Brown was more intent to please his fan base than enhance his winning percentage. This is unusual for coaches who are looking to avoid losses in non-conference defeats at all costs.

LSU will always place football above all other sports because it is the chief revenue producer. Women’s basketball is a money loser while men’s programs sometimes achieve black ink.

With a monolithic giant to shoot at each season in Lexington, SEC basketball is intensely competitive on the men’s court. Among Tiger coaches, only Brown, Rabenhorst and Will Wade have recorded overall winning records in SEC competition. Each season, there are about 25 men’s programs with a chance to capture the NCAA trophy while only a handful of women’s programs are championship caliber. McMahon has a much tougher job of winning than does Mulkey because of the depth of competition.

These are the SEC records of the ten most prominent LSU men’s coaches in the modern era.

Coach / SEC / Years

Dale Brown / 238-200 / 1972-1997

Harry Rabenhorst / 215-158 / 1932-1957

John Brady / 74-93 / 1997-2008

Will Wade / 55-33 / 2017-2022

Press Maravich / 45-63 / 1966-1972

Johnny Jones / 42-48 / 2012-2017

Jay McCreary / 41-73 / 1957-1965

Trent Johnson / 25-39 / 2008-2012

Matt McMahon / 11-25 / 2022-2024

Frank Truitt / 2-14 / 1965-1966

The overall conference record of these ten is 748-746 (50.1 Percent). Amazingly, the group has collected a total of 12 SEC regular season titles; 4 for Brown, 4 for Rabenhorst, 2 for Brady, 1 for Johnson and 1 for Wade.

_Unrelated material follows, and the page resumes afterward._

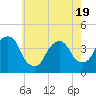 Williamsburg Bridge tide chart for Monday, May 19, 2025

By contrast, LSU women’s coaches have generally been successful in the conference from a won-loss perspective, but they have had more difficulty winning SEC championships.

LSU went to the national championship game in the college ranks in 1977 under Jinks Coleman, but the sport was not connected to the SEC at that point.

The last LSU women’s coach to win the SEC crown for basketball was Van Chancellor in 2008. The other conference titles were captured by Pokey Chatman in 2005 and in 2006. Sue Gunter did not win conference honors in 22 seasons, nor has Mulkey in three seasons.

These are the SEC records of the five most prominent LSU women’s basketball coaches.

Coach / SEC / Years

Sue Gunter / 132-111 / 1982-2004

Nikki Fargas / 81-77 / 2011-2021

Pokey Chatman / 45-9 / 2003-2007

Kim Mulkey / 41-7 / 2021-2024

Van Chancellor / 41-19 / 2007-2011

The overall conference record for these five stalwarts is 340-223 (60.4 percent). The percentage is 10.3 percent better than the ledger for the LSU male counterparts in the league. 

Goals remain high for the men’s game since Brown reached the zenith of the basketball world in the early ‘80s. Among the ten most prominent coaches for the LSU men, eight were fired. Every coach since Brown has been dismissed by LSU with the exception of McMahon, who has a herculean task to compete at an elite level.

Mulkey is a great coach with four national titles at two universities, and she is more likely when weighing the odds to win another NCAA championship than any LSU coach in any sport.

The obstacles are more plentiful and more intense to reach the pinnacle for Brian Kelly than for Kim Mulkey or Matt McMahon. But basketball is a strong No. 2 sport on campus, and Mulkey is the most covered ladies’ coach in the country. Any controversy amplifies her street cred as a Bad Ass. And Mulkey is not immune to mixing it up with all comers.

Mulkey is poised to dominate her sport with a few breaks here and there. She is the queen of her orbit, and her male cohorts lack her star power and do not possess the strong personality of a Louisiana girl, who was born in Santa Ana, California, but is a tenacious warrior from Tangipahoa Parish.

Until further notice, LSU men’s basketball is an afterthought to the feminine juggernaut directed by Mulkey. Look for her to defy the odds and bring down South Carolina this season and lead LSU to its first SEC women’s title on the court in 17 years.

The only development that elicits more interest than winning is controversy. And Mulkey deftly draws drama into her realm. In 1986, Dale Brown graced the cover of Sports Illustrated with the caption, “Crazy Days at LSU.”

Mulkey is keeping the flame of Daddy Dale alive with her antics and her record.